If Hamas is pacing its missile fire, it means they’re in it for the long haul. If they’re crossing red lines by firing missiles at Dimona as well as Ben Gurion airport, it means they’re going all out. The question is why.
Some analysts point to likely Iranian involvement— indeed use of the long-range M-302, not previously in the arsenal of Hamas, underscores that suggestion. It’s true that Hamas’s relations with Iran have been somewhat cooler since they fell out over the Syrian civil war (Hamas sided with their Sunni co-religionists; Tehran has thrown its full weight behind the Assad regime). But the Iranians have a lot of cards to play in Gaza, including Islamic Jihad and other Palestinian factions, as well as Hamas itself. As Israeli analyst Shimon Shapira commented recently, “Iran is more than capable of going over the head of Hamas’s political leadership and arming its military commanders directly.”

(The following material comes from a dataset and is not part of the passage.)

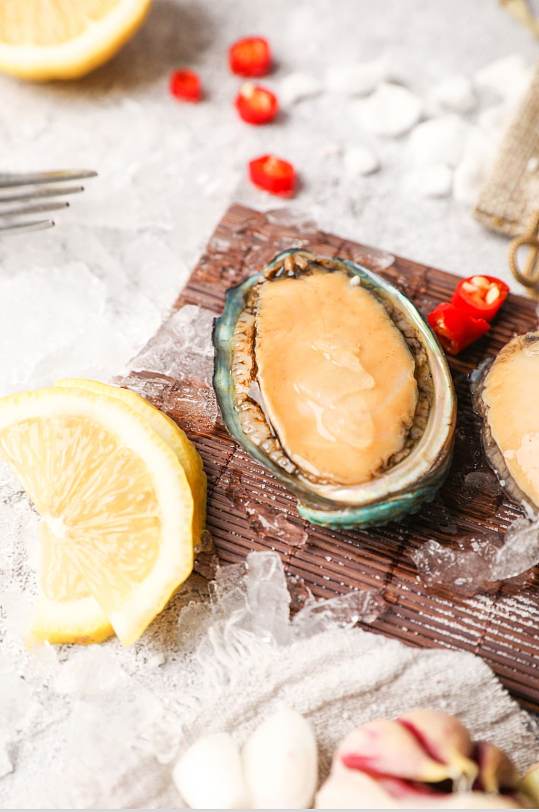 可口美味鲍鱼生鲜海鲜美食摄影图片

If Iran is not in fact driving the campaign, then Hamas may be putting on a demonstration for Tehran of how helpful it can be to the Islamic Republic. With Hezbollah tied down in Syria fighting alongside Assad, Hamas is more useful to Iran than ever—especially since Hamas is now in possession of long-range missiles capable of striking anywhere inside Israel, making it another tool of Iranian deterrence should the Israelis consider striking Iran’s nuclear weapons facilities.
In other words, the strategic picture of the Middle East hasn’t changed one bit. As the Obama White House seeks to sign a permanent deal with Iran by July 20, the key threat not only to Israel but to American interests remains . . . Iran. Too bad the Obama administration can’t come to grips with that reality.